Advice and answer examples written specifically for a Finance job interview.

  • 25. What is working capital?

      How to Answer

      Technically working capital Working Capital = Current Assest - Current Liabilities
      In short It is Excess of Current Assets minus Current Liabilities which can be utilised as a Working Capital to run the Day today business.

      Written by Bobbi Witt on July 19th, 2018

      Entry Level

      "Working capital is defined as current assets minus current liabilities; it tells the financial statement user how much cash is tied up in the business through items such as receivables and inventories and also how much cash is going to be needed to pay off short term obligations in the next 12 months."

      Written by Bobbi Witt

      Experience

      "Working capital is a common measure of a company's liquidity, efficiency, and overall health. Because it includes cash, inventory, accounts receivable, accounts payable, the portion of debt due within one year, and other short-term accounts, a company's working capital reflects the results of a host of company activities, including inventory management, debt management, revenue collection, and payments to suppliers.

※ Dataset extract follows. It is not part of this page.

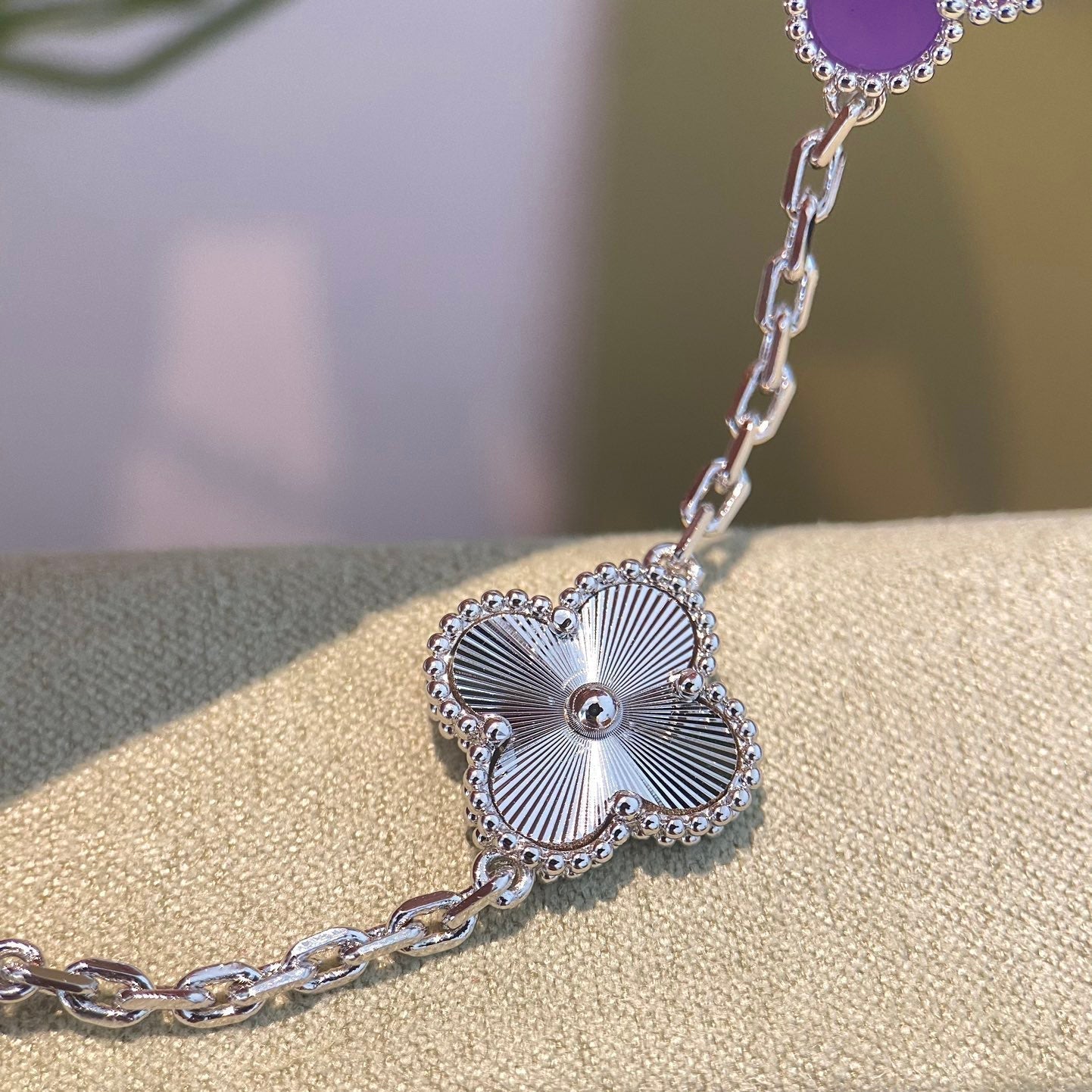 [Royal Jewellery]CLOVER  5 MOTIFS  PURPLE VIOLET BRACELET SILVER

      Positive working capital generally indicates that a company is able to pay off its short-term liabilities almost immediately. Negative working capital generally indicates a company is unable to do so. This is why analysts are sensitive to decreases in working capital; they suggest a company is becoming overleveraged, is struggling to maintain or grow sales, is paying bills too quickly, or is collecting receivables too slowly.

      One of the most significant uses of working capital is inventory. The longer inventory sits on the shelf or in the warehouse, the longer the company's working capital is tied up."